Retype the data below exactly, skipping pictures.

*** GIVEN DATA ***

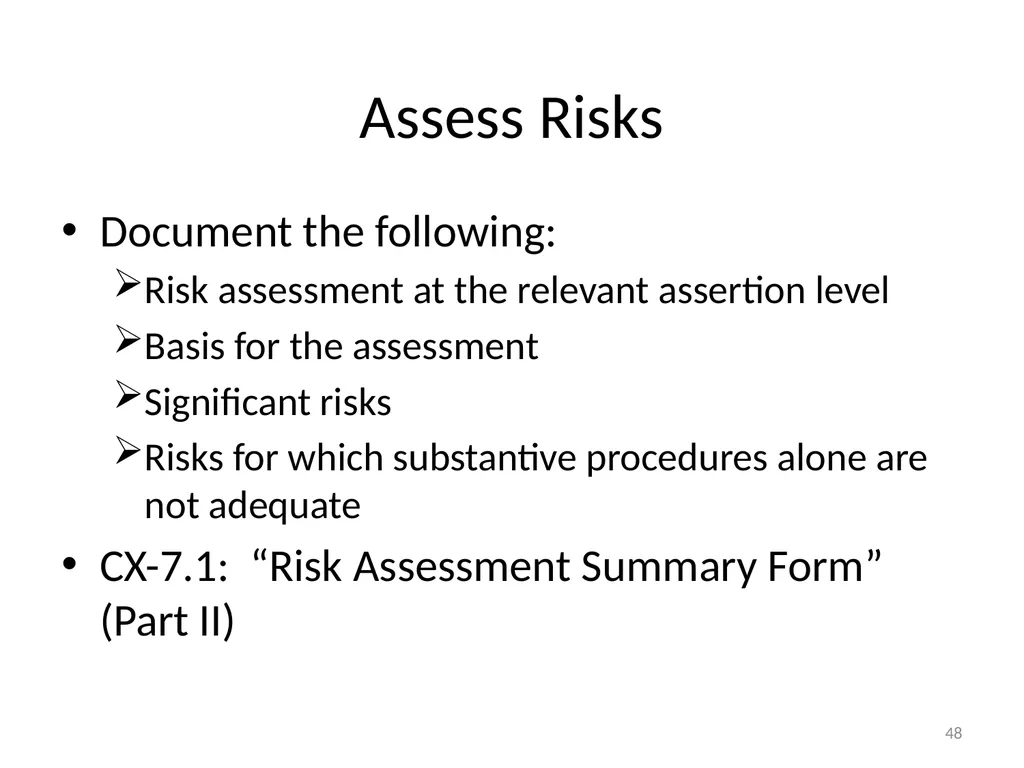 Understanding Audit Risk Assessment Objectives of - slide 48 of 61
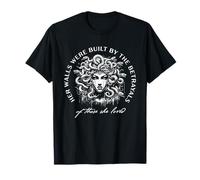 Sus muros fueron construidos por Las traiciones de Aquellos a quienes amaba Camiseta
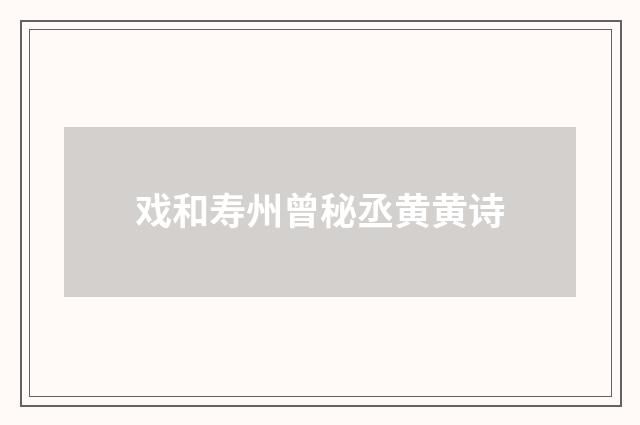 戏和寿州曾秘丞黄黄诗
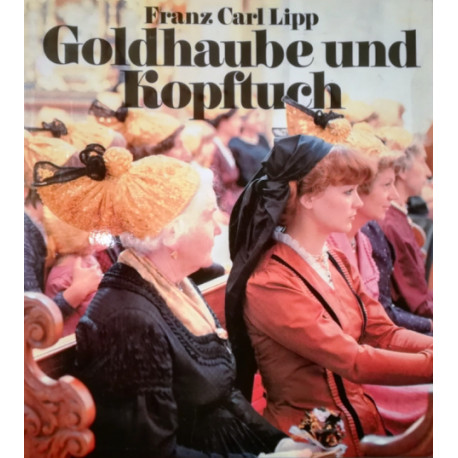 Goldhaube und Kopftuch. Von Franz Carl Lipp (1991).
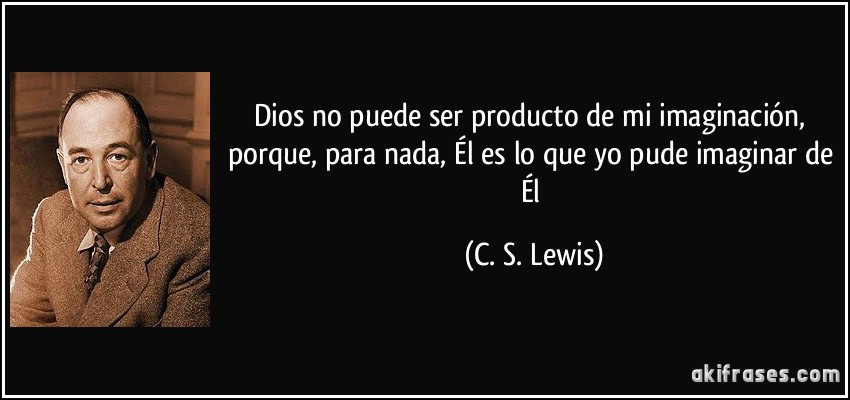 Dios no puede ser producto de mi imaginación, porque, para nada, Él es lo que yo pude imaginar de Él (C. S. Lewis)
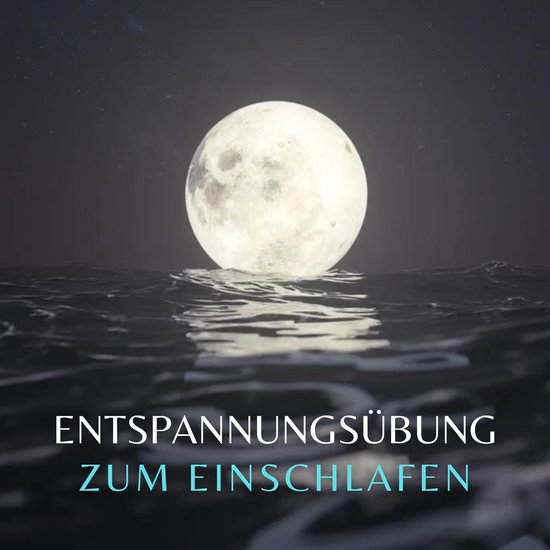 Entspannungsübung zum Einschlafen - cover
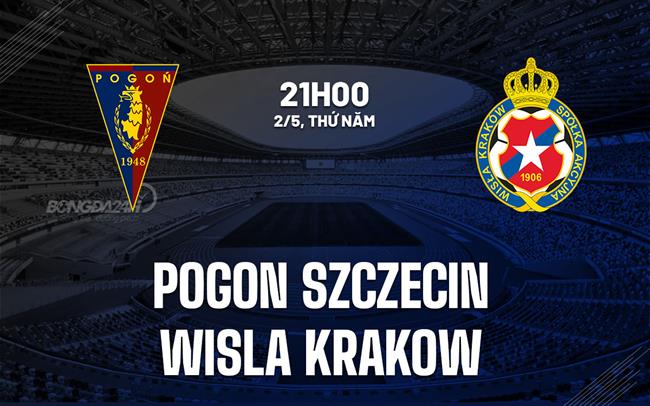 Nhận định Pogon Szczecin vs Wisla Krakow 21h00 ngày 2/5 (Cúp quốc gia Ba Lan 2023/24)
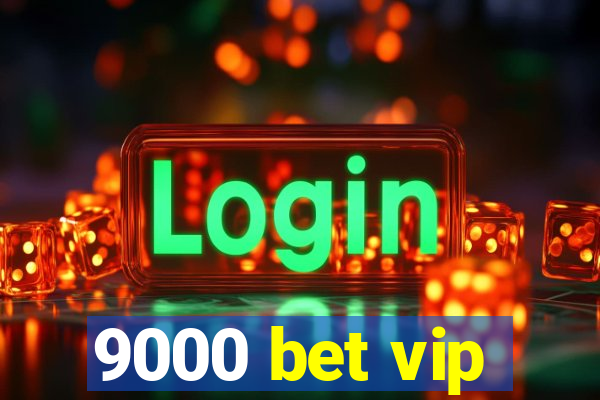 9000 bet vip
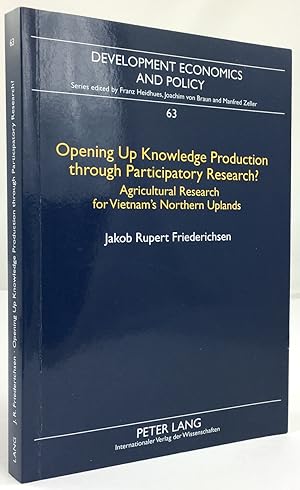 Bild des Verkufers fr Opening Up Knowledge Production through Participatory Research? Agricultural Research for Vietnam's Northern Uplands. zum Verkauf von Antiquariat Heiner Henke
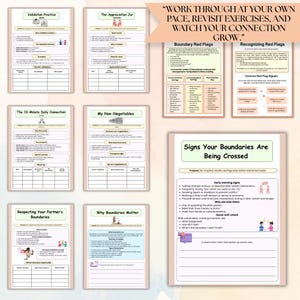 May include: A collection of printable worksheets with titles like "Validation Practice," "The Appreciation Jar," and "Signs Your Boundaries Are Being Crossed." The pages feature text, charts, and illustrations, with a quote at the top: "WORK THROUGH AT YOUR OWN PACE, REVISIT EXERCISES, AND WATCH YOUR CONNECTION GROW."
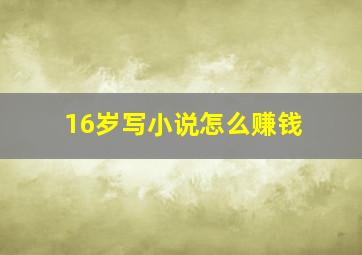 16岁写小说怎么赚钱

*** End of GIVEN DATA ***

RESPONSE TO THE EXERCISE
 Understanding Audit Risk Assessment Objectives of - slide 48 of 61
 Sus muros fueron construidos por Las traiciones de Aquellos a quienes amaba Camiseta
 戏和寿州曾秘丞黄黄诗
 Goldhaube und Kopftuch. Von Franz Carl Lipp (1991).
 Dios no puede ser producto de mi imaginación, porque, para nada, Él es lo que yo pude imaginar de Él (C. S. Lewis)
 Entspannungsübung zum Einschlafen - cover
 Nhận định Pogon Szczecin vs Wisla Krakow 21h00 ngày 2/5 (Cúp quốc gia Ba Lan 2023/24)
 9000 bet vip
 Bild des Verkufers fr Opening Up Knowledge Production through Participatory Research? Agricultural Research for Vietnam's Northern Uplands. zum Verkauf von Antiquariat Heiner Henke
 May include: A collection of printable worksheets with titles like "Validation Practice," "The Appreciation Jar," and "Signs Your Boundaries Are Being Crossed." The pages feature text, charts, and illustrations, with a quote at the top: "WORK THROUGH AT YOUR OWN PACE, REVISIT EXERCISES, AND WATCH YOUR CONNECTION GROW."
 16岁写小说怎么赚钱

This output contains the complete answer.